(Records from a data source)
BEGIN

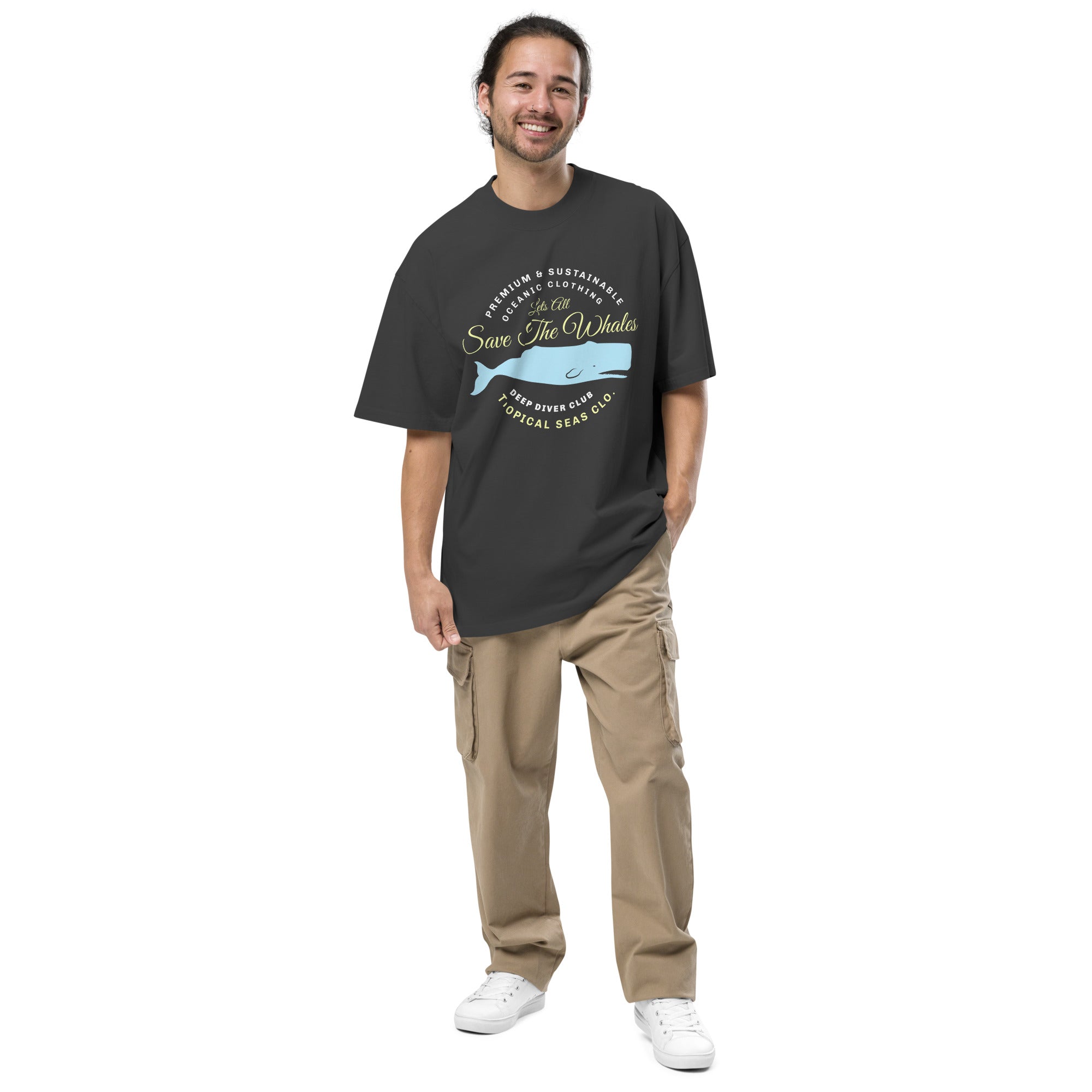 Oversized faded t-shirt in dark gray featuring "Save The Whales" graphic, worn with loose khaki pants and white sneakers.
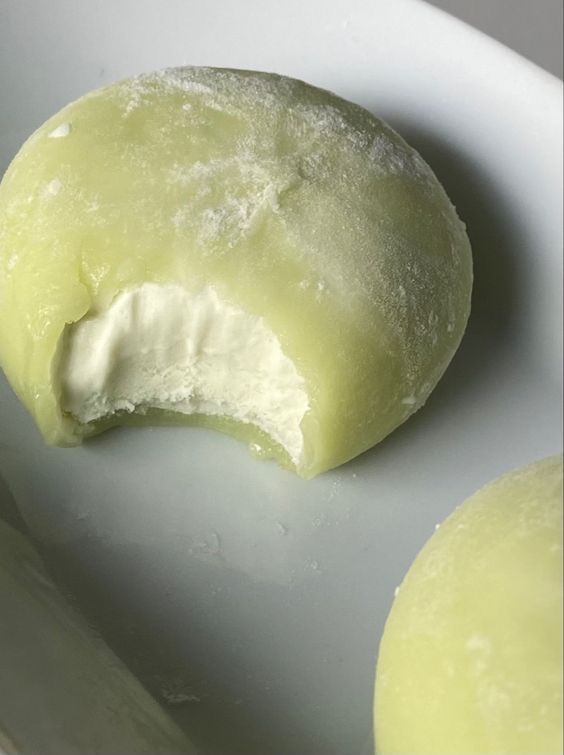 A close-up of a green mochi ice cream with a bite taken, revealing creamy filling on a white plate.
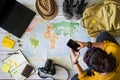 Vacation travel planning concept with map. Overhead view of equipment for travelers. Travel concept background, young Asian woman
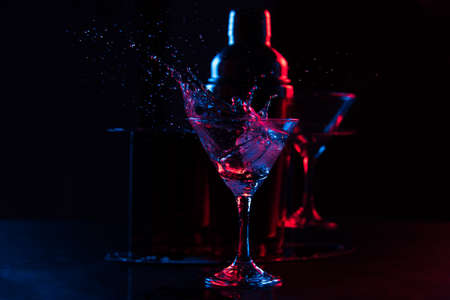 glass of cocktail with splashes on black background with red and blue lightsの写真素材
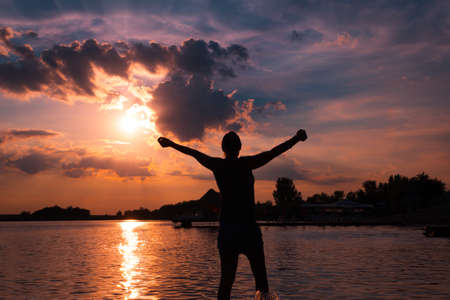 Silhouette of carefree woman with arms outstretched enjoying in freedom and summer at sunset.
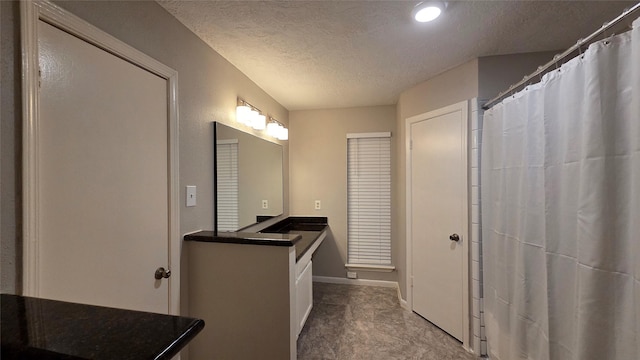 3018 Sherborne St, Pearland, TX 77584 - full bathroom with vanity, a textured ceiling, and curtained shower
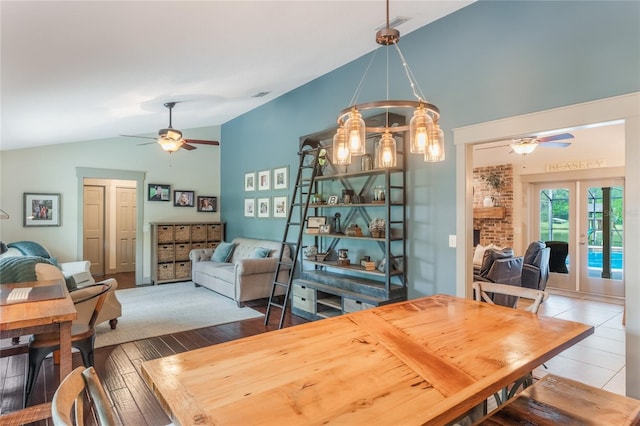 dining area featuring lofted ceiling, wood finished floors, a ceiling fan, and french doors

END

# Problem requirements
Hand back exactly the lines from the one with "Silhouette of carefree" through the last line of the data above, both ends included, with every picture left out.

# Your response
 Silhouette of carefree woman with arms outstretched enjoying in freedom and summer at sunset.
 3018 Sherborne St, Pearland, TX 77584 - full bathroom with vanity, a textured ceiling, and curtained shower
 dining area featuring lofted ceiling, wood finished floors, a ceiling fan, and french doors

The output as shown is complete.